▸ **WHAT NEEDS TO BE DONE**
Each line in the listing is to be restated exactly.

▸ **DATASET ENTRIES**
+--

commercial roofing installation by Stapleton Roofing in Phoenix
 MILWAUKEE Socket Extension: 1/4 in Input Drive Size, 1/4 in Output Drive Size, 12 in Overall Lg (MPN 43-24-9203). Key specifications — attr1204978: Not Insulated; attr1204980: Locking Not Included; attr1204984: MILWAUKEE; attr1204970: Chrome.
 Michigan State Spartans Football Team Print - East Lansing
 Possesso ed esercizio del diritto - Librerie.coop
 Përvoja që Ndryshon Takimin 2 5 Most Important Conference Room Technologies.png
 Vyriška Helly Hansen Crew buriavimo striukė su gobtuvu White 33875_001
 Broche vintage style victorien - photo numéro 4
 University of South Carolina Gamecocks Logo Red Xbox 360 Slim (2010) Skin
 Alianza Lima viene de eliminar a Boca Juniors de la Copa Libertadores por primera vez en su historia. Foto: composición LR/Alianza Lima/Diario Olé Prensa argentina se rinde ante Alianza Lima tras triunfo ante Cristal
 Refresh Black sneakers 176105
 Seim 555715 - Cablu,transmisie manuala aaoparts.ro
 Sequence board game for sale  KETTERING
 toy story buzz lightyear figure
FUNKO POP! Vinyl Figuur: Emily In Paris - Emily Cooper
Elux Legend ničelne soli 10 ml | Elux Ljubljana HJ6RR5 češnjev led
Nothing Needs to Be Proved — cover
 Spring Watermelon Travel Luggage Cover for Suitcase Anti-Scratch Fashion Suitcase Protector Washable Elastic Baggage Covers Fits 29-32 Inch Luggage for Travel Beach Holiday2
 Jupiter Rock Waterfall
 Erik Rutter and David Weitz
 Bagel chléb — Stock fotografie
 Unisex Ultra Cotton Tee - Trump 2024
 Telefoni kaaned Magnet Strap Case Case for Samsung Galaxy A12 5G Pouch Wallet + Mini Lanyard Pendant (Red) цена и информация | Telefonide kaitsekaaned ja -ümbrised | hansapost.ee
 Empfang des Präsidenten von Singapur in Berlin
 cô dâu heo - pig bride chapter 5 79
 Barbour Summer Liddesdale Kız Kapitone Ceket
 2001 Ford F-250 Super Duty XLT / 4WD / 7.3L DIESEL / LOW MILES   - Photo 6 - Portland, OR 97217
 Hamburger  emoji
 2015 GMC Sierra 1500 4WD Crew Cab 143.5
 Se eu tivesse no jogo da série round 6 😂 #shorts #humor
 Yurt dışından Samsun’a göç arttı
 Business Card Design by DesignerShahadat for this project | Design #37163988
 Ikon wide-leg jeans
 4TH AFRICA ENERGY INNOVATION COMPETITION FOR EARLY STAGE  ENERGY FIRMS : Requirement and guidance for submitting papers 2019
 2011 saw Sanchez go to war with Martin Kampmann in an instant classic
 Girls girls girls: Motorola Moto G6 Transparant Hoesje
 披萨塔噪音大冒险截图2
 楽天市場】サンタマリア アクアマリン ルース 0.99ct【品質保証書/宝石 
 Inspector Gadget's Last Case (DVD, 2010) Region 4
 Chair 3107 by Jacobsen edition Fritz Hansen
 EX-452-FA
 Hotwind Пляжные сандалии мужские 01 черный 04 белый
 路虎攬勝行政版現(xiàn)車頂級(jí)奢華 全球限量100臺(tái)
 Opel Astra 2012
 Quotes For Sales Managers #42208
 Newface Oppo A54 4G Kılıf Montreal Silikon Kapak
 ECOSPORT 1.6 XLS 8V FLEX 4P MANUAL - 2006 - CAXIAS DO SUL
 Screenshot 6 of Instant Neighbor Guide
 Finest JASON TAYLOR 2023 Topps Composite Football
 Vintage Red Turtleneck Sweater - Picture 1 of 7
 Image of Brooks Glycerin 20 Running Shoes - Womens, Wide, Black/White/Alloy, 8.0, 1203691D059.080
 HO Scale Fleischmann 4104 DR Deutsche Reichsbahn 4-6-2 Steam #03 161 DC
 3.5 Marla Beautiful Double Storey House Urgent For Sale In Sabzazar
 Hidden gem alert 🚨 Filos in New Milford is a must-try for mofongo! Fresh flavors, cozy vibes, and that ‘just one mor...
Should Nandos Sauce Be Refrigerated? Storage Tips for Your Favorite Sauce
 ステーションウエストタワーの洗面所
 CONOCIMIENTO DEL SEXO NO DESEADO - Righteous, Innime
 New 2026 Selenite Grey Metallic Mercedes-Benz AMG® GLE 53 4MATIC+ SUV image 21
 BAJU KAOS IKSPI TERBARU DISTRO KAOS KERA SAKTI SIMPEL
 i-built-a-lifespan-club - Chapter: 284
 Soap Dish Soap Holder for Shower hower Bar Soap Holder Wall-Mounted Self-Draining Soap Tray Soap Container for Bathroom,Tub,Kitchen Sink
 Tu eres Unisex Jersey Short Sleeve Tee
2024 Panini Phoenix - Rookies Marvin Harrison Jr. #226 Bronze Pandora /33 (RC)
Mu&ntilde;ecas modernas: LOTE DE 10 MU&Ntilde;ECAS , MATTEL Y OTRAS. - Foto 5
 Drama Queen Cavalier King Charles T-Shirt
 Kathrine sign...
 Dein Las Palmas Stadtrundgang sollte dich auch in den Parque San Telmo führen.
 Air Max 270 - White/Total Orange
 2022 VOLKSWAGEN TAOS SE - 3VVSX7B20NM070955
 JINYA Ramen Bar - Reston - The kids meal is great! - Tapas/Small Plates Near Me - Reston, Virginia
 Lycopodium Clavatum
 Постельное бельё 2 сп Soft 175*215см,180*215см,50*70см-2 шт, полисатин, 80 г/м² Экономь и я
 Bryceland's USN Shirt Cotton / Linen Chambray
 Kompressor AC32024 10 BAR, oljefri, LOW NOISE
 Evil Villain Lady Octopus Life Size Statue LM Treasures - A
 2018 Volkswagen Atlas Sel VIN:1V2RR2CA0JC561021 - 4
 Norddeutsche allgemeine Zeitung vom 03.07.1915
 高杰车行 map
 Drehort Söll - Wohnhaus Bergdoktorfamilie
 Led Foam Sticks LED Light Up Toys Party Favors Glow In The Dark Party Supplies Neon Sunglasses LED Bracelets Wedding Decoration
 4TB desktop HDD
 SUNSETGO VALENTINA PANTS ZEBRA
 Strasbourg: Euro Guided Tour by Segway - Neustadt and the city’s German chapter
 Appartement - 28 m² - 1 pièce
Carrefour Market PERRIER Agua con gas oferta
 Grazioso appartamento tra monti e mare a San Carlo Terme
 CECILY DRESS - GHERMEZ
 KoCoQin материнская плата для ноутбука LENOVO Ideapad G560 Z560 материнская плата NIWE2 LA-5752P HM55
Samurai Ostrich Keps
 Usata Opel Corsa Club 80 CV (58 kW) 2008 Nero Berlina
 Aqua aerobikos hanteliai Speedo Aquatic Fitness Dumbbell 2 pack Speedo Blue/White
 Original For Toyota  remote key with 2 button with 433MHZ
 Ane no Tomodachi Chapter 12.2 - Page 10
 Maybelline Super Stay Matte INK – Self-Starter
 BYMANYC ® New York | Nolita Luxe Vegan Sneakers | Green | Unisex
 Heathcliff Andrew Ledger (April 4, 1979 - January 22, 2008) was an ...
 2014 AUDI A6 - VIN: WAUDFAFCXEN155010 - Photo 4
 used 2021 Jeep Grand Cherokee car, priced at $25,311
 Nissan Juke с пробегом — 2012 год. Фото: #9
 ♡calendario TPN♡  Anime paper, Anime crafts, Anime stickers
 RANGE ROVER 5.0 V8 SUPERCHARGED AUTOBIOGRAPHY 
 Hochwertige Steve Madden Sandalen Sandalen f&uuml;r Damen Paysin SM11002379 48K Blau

+--

▸ **RESULT FOR THIS EXERCISE**
commercial roofing installation by Stapleton Roofing in Phoenix
 MILWAUKEE Socket Extension: 1/4 in Input Drive Size, 1/4 in Output Drive Size, 12 in Overall Lg (MPN 43-24-9203). Key specifications — attr1204978: Not Insulated; attr1204980: Locking Not Included; attr1204984: MILWAUKEE; attr1204970: Chrome.
 Michigan State Spartans Football Team Print - East Lansing
 Possesso ed esercizio del diritto - Librerie.coop
 Përvoja që Ndryshon Takimin 2 5 Most Important Conference Room Technologies.png
 Vyriška Helly Hansen Crew buriavimo striukė su gobtuvu White 33875_001
 Broche vintage style victorien - photo numéro 4
 University of South Carolina Gamecocks Logo Red Xbox 360 Slim (2010) Skin
 Alianza Lima viene de eliminar a Boca Juniors de la Copa Libertadores por primera vez en su historia. Foto: composición LR/Alianza Lima/Diario Olé Prensa argentina se rinde ante Alianza Lima tras triunfo ante Cristal
 Refresh Black sneakers 176105
 Seim 555715 - Cablu,transmisie manuala aaoparts.ro
 Sequence board game for sale  KETTERING
 toy story buzz lightyear figure
FUNKO POP! Vinyl Figuur: Emily In Paris - Emily Cooper
Elux Legend ničelne soli 10 ml | Elux Ljubljana HJ6RR5 češnjev led
Nothing Needs to Be Proved — cover
 Spring Watermelon Travel Luggage Cover for Suitcase Anti-Scratch Fashion Suitcase Protector Washable Elastic Baggage Covers Fits 29-32 Inch Luggage for Travel Beach Holiday2
 Jupiter Rock Waterfall
 Erik Rutter and David Weitz
 Bagel chléb — Stock fotografie
 Unisex Ultra Cotton Tee - Trump 2024
 Telefoni kaaned Magnet Strap Case Case for Samsung Galaxy A12 5G Pouch Wallet + Mini Lanyard Pendant (Red) цена и информация | Telefonide kaitsekaaned ja -ümbrised | hansapost.ee
 Empfang des Präsidenten von Singapur in Berlin
 cô dâu heo - pig bride chapter 5 79
 Barbour Summer Liddesdale Kız Kapitone Ceket
 2001 Ford F-250 Super Duty XLT / 4WD / 7.3L DIESEL / LOW MILES   - Photo 6 - Portland, OR 97217
 Hamburger  emoji
 2015 GMC Sierra 1500 4WD Crew Cab 143.5
 Se eu tivesse no jogo da série round 6 😂 #shorts #humor
 Yurt dışından Samsun’a göç arttı
 Business Card Design by DesignerShahadat for this project | Design #37163988
 Ikon wide-leg jeans
 4TH AFRICA ENERGY INNOVATION COMPETITION FOR EARLY STAGE  ENERGY FIRMS : Requirement and guidance for submitting papers 2019
 2011 saw Sanchez go to war with Martin Kampmann in an instant classic
 Girls girls girls: Motorola Moto G6 Transparant Hoesje
 披萨塔噪音大冒险截图2
 楽天市場】サンタマリア アクアマリン ルース 0.99ct【品質保証書/宝石 
 Inspector Gadget's Last Case (DVD, 2010) Region 4
 Chair 3107 by Jacobsen edition Fritz Hansen
 EX-452-FA
 Hotwind Пляжные сандалии мужские 01 черный 04 белый
 路虎攬勝行政版現(xiàn)車頂級(jí)奢華 全球限量100臺(tái)
 Opel Astra 2012
 Quotes For Sales Managers #42208
 Newface Oppo A54 4G Kılıf Montreal Silikon Kapak
 ECOSPORT 1.6 XLS 8V FLEX 4P MANUAL - 2006 - CAXIAS DO SUL
 Screenshot 6 of Instant Neighbor Guide
 Finest JASON TAYLOR 2023 Topps Composite Football
 Vintage Red Turtleneck Sweater - Picture 1 of 7
 Image of Brooks Glycerin 20 Running Shoes - Womens, Wide, Black/White/Alloy, 8.0, 1203691D059.080
 HO Scale Fleischmann 4104 DR Deutsche Reichsbahn 4-6-2 Steam #03 161 DC
 3.5 Marla Beautiful Double Storey House Urgent For Sale In Sabzazar
 Hidden gem alert 🚨 Filos in New Milford is a must-try for mofongo! Fresh flavors, cozy vibes, and that ‘just one mor...
Should Nandos Sauce Be Refrigerated? Storage Tips for Your Favorite Sauce
 ステーションウエストタワーの洗面所
 CONOCIMIENTO DEL SEXO NO DESEADO - Righteous, Innime
 New 2026 Selenite Grey Metallic Mercedes-Benz AMG® GLE 53 4MATIC+ SUV image 21
 BAJU KAOS IKSPI TERBARU DISTRO KAOS KERA SAKTI SIMPEL
 i-built-a-lifespan-club - Chapter: 284
 Soap Dish Soap Holder for Shower hower Bar Soap Holder Wall-Mounted Self-Draining Soap Tray Soap Container for Bathroom,Tub,Kitchen Sink
 Tu eres Unisex Jersey Short Sleeve Tee
2024 Panini Phoenix - Rookies Marvin Harrison Jr. #226 Bronze Pandora /33 (RC)
Mu&ntilde;ecas modernas: LOTE DE 10 MU&Ntilde;ECAS , MATTEL Y OTRAS. - Foto 5
 Drama Queen Cavalier King Charles T-Shirt
 Kathrine sign...
 Dein Las Palmas Stadtrundgang sollte dich auch in den Parque San Telmo führen.
 Air Max 270 - White/Total Orange
 2022 VOLKSWAGEN TAOS SE - 3VVSX7B20NM070955
 JINYA Ramen Bar - Reston - The kids meal is great! - Tapas/Small Plates Near Me - Reston, Virginia
 Lycopodium Clavatum
 Постельное бельё 2 сп Soft 175*215см,180*215см,50*70см-2 шт, полисатин, 80 г/м² Экономь и я
 Bryceland's USN Shirt Cotton / Linen Chambray
 Kompressor AC32024 10 BAR, oljefri, LOW NOISE
 Evil Villain Lady Octopus Life Size Statue LM Treasures - A
 2018 Volkswagen Atlas Sel VIN:1V2RR2CA0JC561021 - 4
 Norddeutsche allgemeine Zeitung vom 03.07.1915
 高杰车行 map
 Drehort Söll - Wohnhaus Bergdoktorfamilie
 Led Foam Sticks LED Light Up Toys Party Favors Glow In The Dark Party Supplies Neon Sunglasses LED Bracelets Wedding Decoration
 4TB desktop HDD
 SUNSETGO VALENTINA PANTS ZEBRA
 Strasbourg: Euro Guided Tour by Segway - Neustadt and the city’s German chapter
 Appartement - 28 m² - 1 pièce
Carrefour Market PERRIER Agua con gas oferta
 Grazioso appartamento tra monti e mare a San Carlo Terme
 CECILY DRESS - GHERMEZ
 KoCoQin материнская плата для ноутбука LENOVO Ideapad G560 Z560 материнская плата NIWE2 LA-5752P HM55
Samurai Ostrich Keps
 Usata Opel Corsa Club 80 CV (58 kW) 2008 Nero Berlina
 Aqua aerobikos hanteliai Speedo Aquatic Fitness Dumbbell 2 pack Speedo Blue/White
 Original For Toyota  remote key with 2 button with 433MHZ
 Ane no Tomodachi Chapter 12.2 - Page 10
 Maybelline Super Stay Matte INK – Self-Starter
 BYMANYC ® New York | Nolita Luxe Vegan Sneakers | Green | Unisex
 Heathcliff Andrew Ledger (April 4, 1979 - January 22, 2008) was an ...
 2014 AUDI A6 - VIN: WAUDFAFCXEN155010 - Photo 4
 used 2021 Jeep Grand Cherokee car, priced at $25,311
 Nissan Juke с пробегом — 2012 год. Фото: #9
 ♡calendario TPN♡  Anime paper, Anime crafts, Anime stickers
 RANGE ROVER 5.0 V8 SUPERCHARGED AUTOBIOGRAPHY 
 Hochwertige Steve Madden Sandalen Sandalen f&uuml;r Damen Paysin SM11002379 48K Blau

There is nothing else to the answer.